何十年も触らなくなり、音符もハ長調ぐらいしか読めなくなったピアノのレッスンでもして、指先を使い老化防止でもしようか、それとも憧れのフラダンス、運動しない歴70年のこの身体に喝を入れる為にトレニーングジムにでも行こうか、しかし、何故かどれも心がトキメかない。やっぱり一番好きな事を始めようと思った。

北斎が芸術なら、私は下手でも良いから感動したこと、悲しかったこと、忘れたくない出来事、みんな書き止めておきたいと思う。やっぱり文章を書くことが好き。これが結論だった。

サチさん

ある休日、私はノンビリとパジャマのままニュース番組を見ていた。

「今朝のコーヒー豆は、ママの好きなキリマンだよ!」。

お気に入りのカップに夫がたっぷりとコーヒーを入れてくれた(子供達は私のことを「お母さん」と呼ぶが、夫は未だに「ママ」と呼ぶ)。

ピンポーンと玄関のチャイムが鳴った。まだパジャマの私。夫に「私はパジャマだわ。お化粧もしてないし。誰かしら? 出て出て」と夫を促し出てもらった。夫もパジャマだったが、男性ならパジャマでも大丈夫と勝手に決めている私。

「ママー。サチさんご夫婦だよー」と夫が私を呼んだ。サチさんとは本当に久しぶりである。私はパジャマのまま飛び出して行った。

サチさんは、はにかんだ笑みを浮かべて「チーフに桃!」と箱を差し出した。私はその箱を受け取りながら「サチさん元気だった。ありがとう。わざわざ来てくださったのね」(私は美容関係のサロンを営みチーフと呼ばれている)。

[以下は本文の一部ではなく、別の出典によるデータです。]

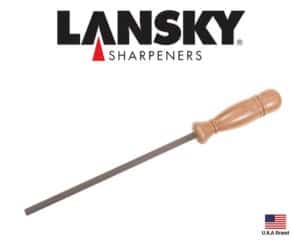 The Lansky 8" Sharp Stick-Med. LSS8CM is pictured over a field of white with the Lasnsky logo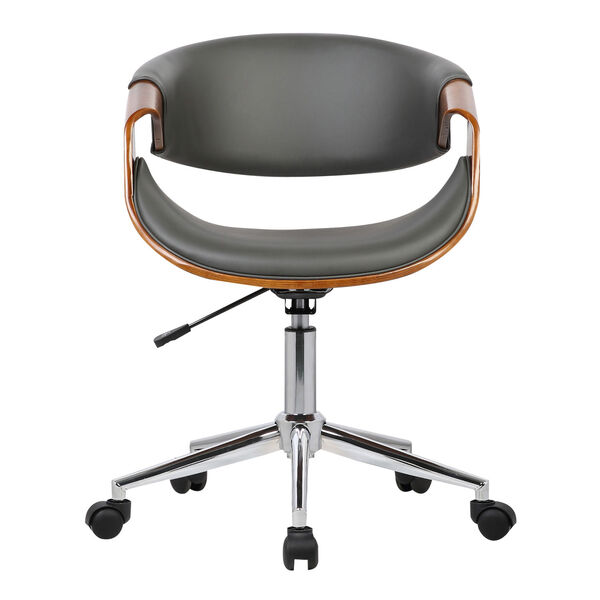 Geneva Chrome Gray Office Chair, image 2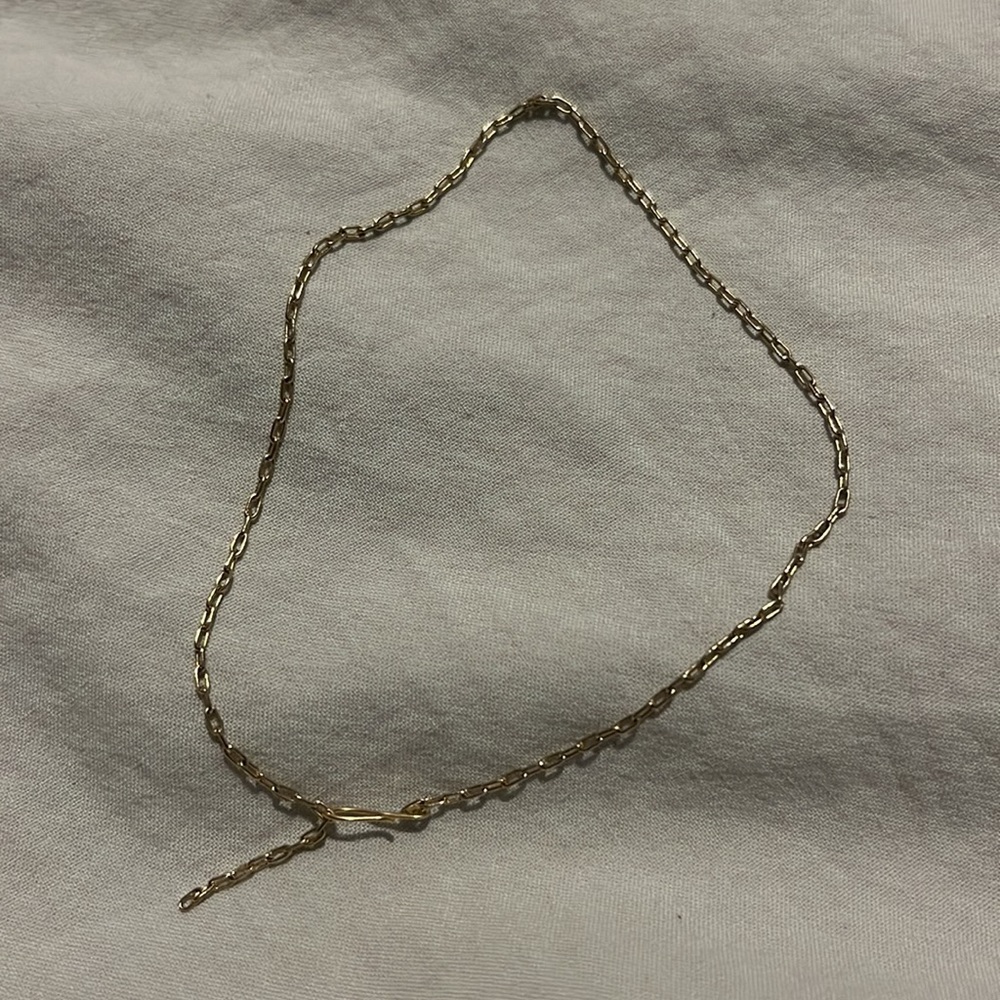 Gold Plated Adjustable Anklet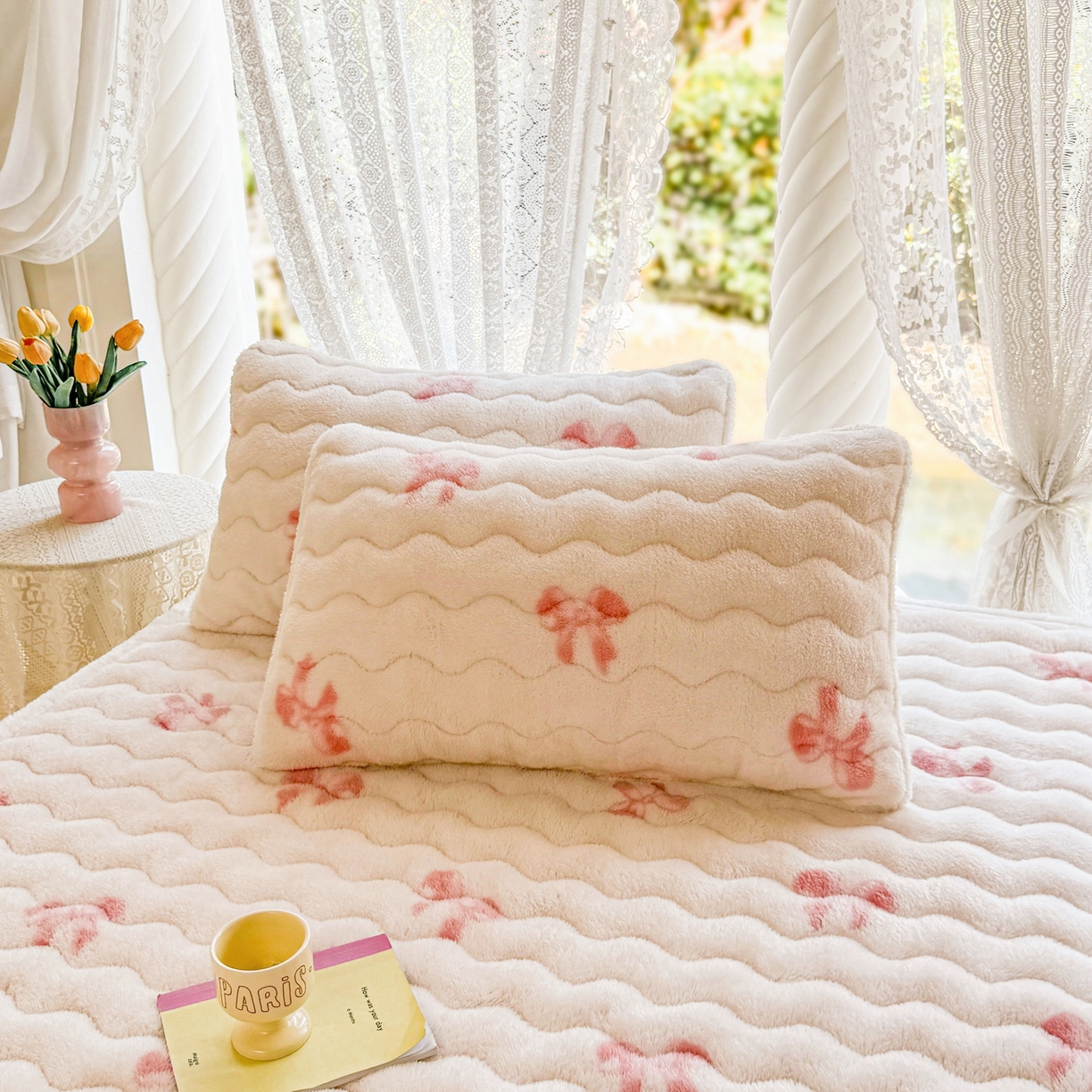 91家纺网 家纺一手货源 找家纺 （总）LIFE.丽芙 2025秋冬新款A类北极绒保暖加厚夹棉枕套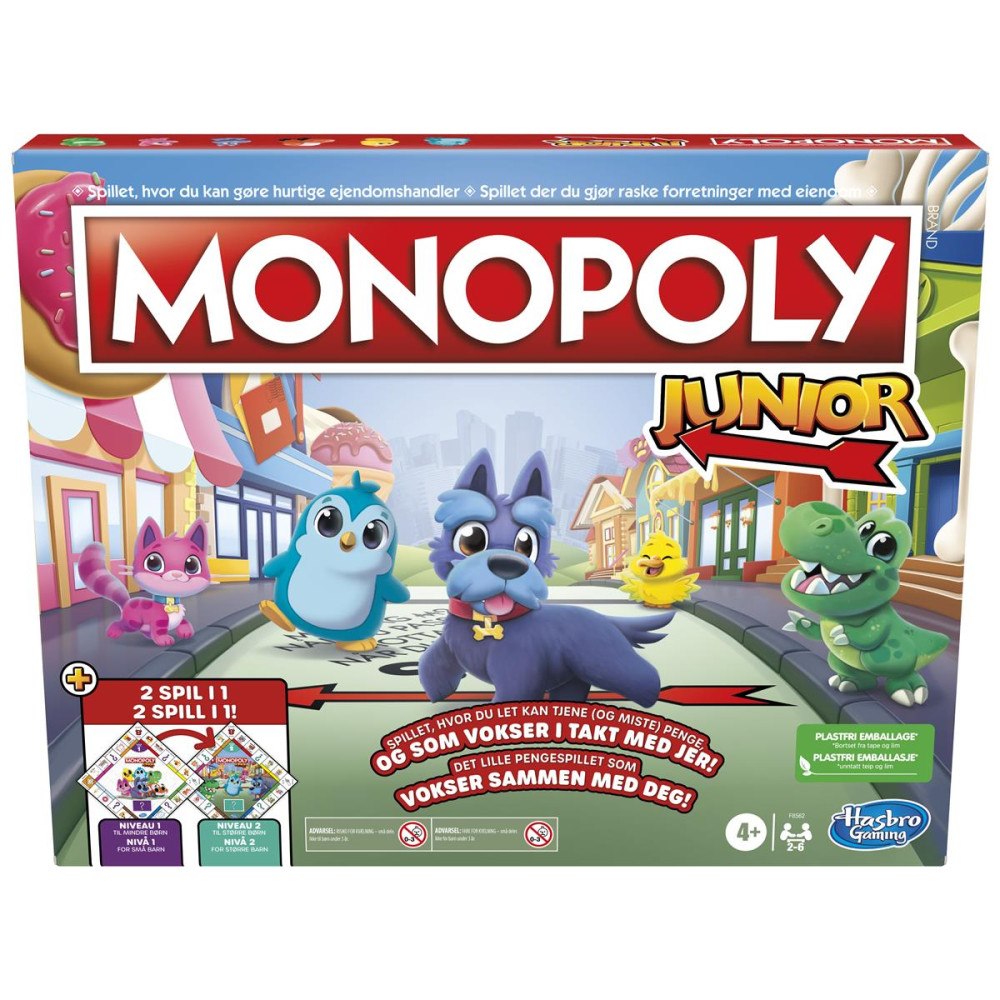 Hasbro Gaming MONOPOLY JUNIOR 2 GAMES IN 1
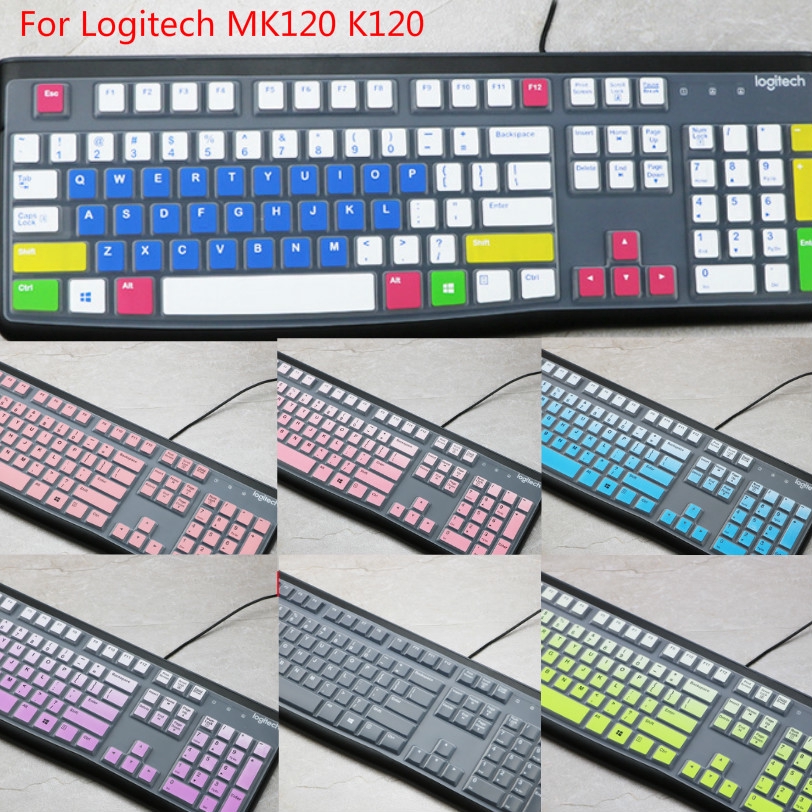 Miếng Dán Bàn Phím Logitech Mk120 K120 Bằng Silicon Siêu Mỏng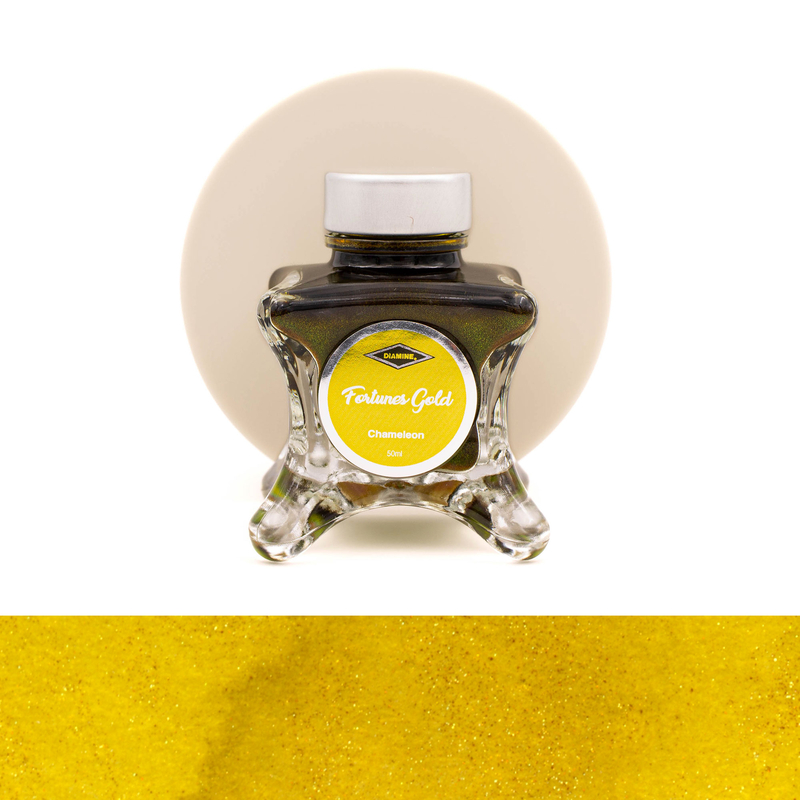 Diamine Diamine Inkvent Fortunes Gold Inchiostro 50 ml Purple Edition Chameleon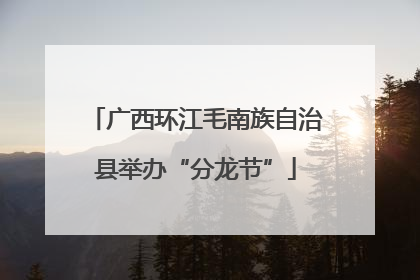 广西环江毛南族自治县举办“分龙节”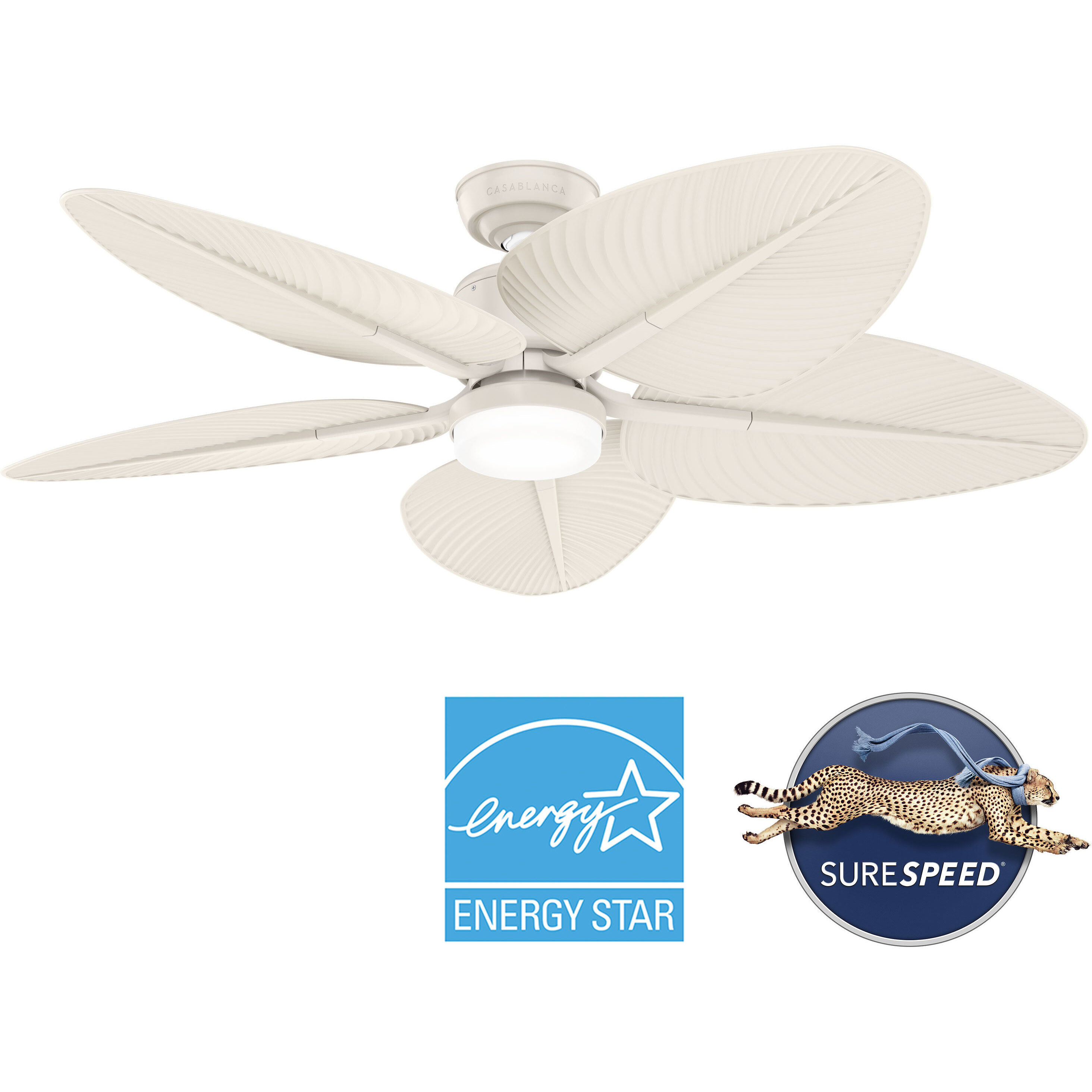 Coveview 52 inch Cream Outdoor Ceiling Fan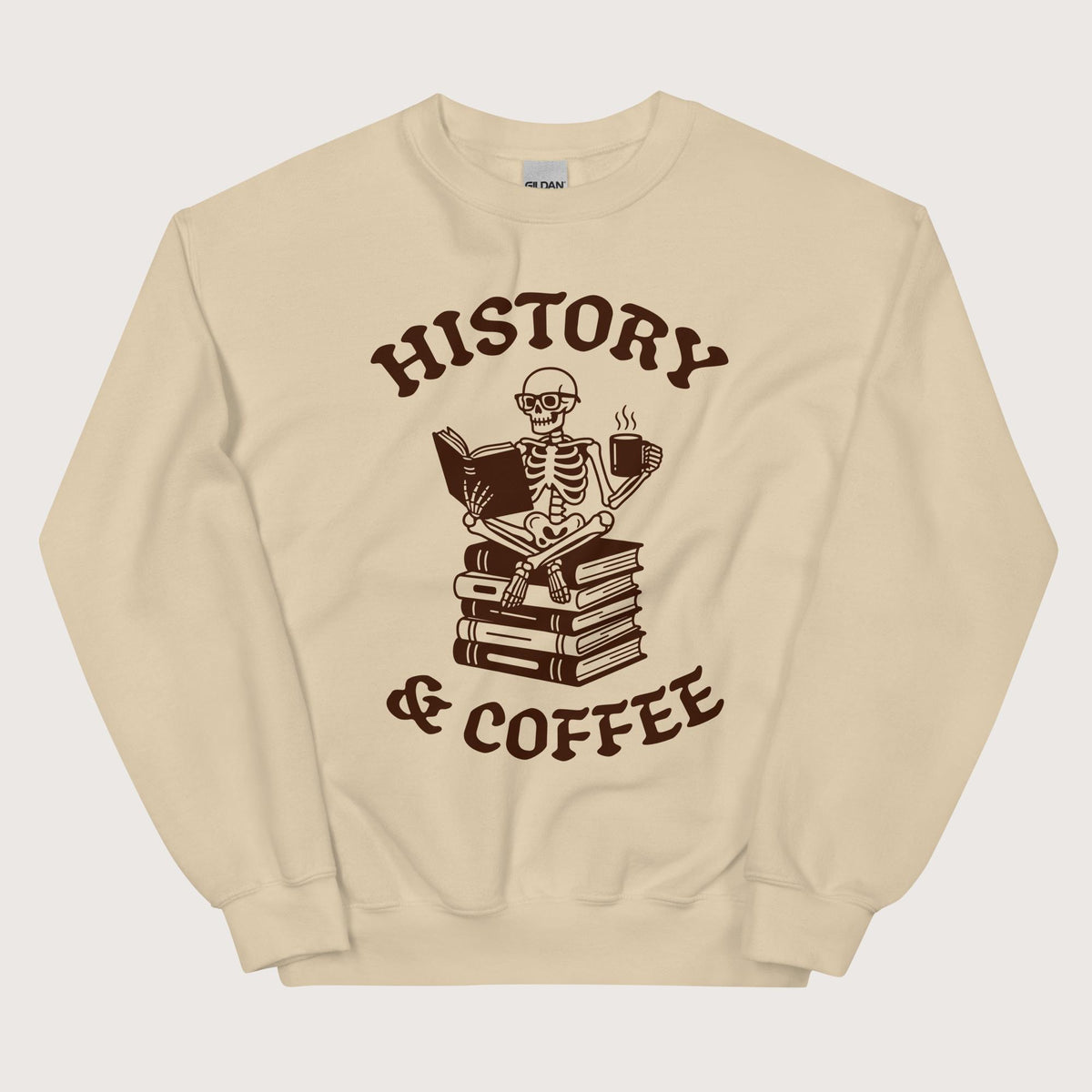 Sand History & Coffee Sweatshirt - history buff gift by HistoHead
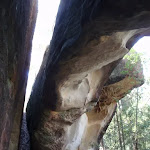 Under the natural arch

その後サチさんは「にこにこ」するだけで何も話すことはなかった。いつも髪を短めにしていたサチさんの髪はだいぶ伸びていた。ご主人が「さぁ帰ろう」とサチさんを促して車の助手席に乗せて帰って行った。以前のサチさんなら、もっともっと話をしたのに。

私のサロンの20周年祝賀会の時は紫色の着物をビシッと着てテキパキと受付をしてくださったサチさん。あれからもう10年の月日が経つ。この数年で彼女は色んな記憶が、ボロボロとこぼれていってしまっている。多くのことを忘れてしまっているのだ。